Я не думаю, что Сахаров и отец могли прийти к общему решению, они по-разному оценивали одни и те же события. В одном они сходились: и тот и другой, каждый по-своему, искренне пытались нащупать путь, избавляющий человечество от гибели, ведущий к справедливости и лучшей жизни.
По установившемуся обычаю, по результатам испытаний, против которых так протестовал Сахаров, составили обширные списки к награждению. Чиновники не включили в них фамилию Сахарова. О его острых столкновениях с отцом знали все.
Отец возмутился.
— С такими людьми, как Сахаров, надо разговаривать, убеждать их, а не бороться, — повторил он запомнившиеся мне слова.
Сахарову вручили третью Звезду Героя социалистического труда.

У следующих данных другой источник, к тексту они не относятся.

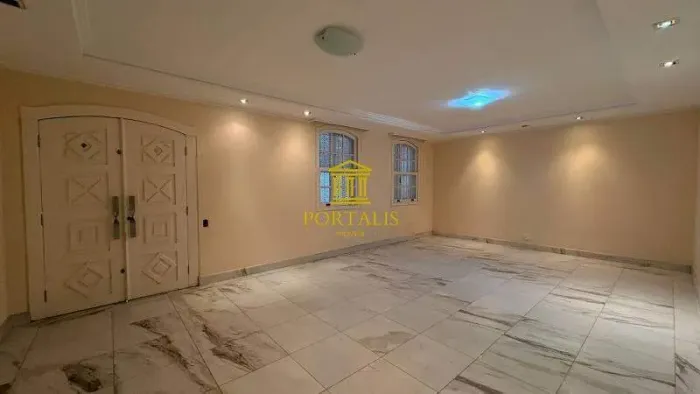Casa com 4 quartos à venda em Belo Horizonte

Вскоре после разговора отца с Сахаровым по телефону и испытания мощной боеголовки Славский вновь заговорил о взрыве стомегатонного заряда. Отец на сей раз отозвался однозначно отрицательно: на земле нет места, где это можно сделать безнаказанно. Сверхмощный заряд сохранился только как средство давления в политических спорах.
Когда посол Томпсон прибыл в США, ничто не предвещало нового всплеска напряженности. В Советском Союзе опубликовали долгожданный указ об увольнении в запас части военнослужащих.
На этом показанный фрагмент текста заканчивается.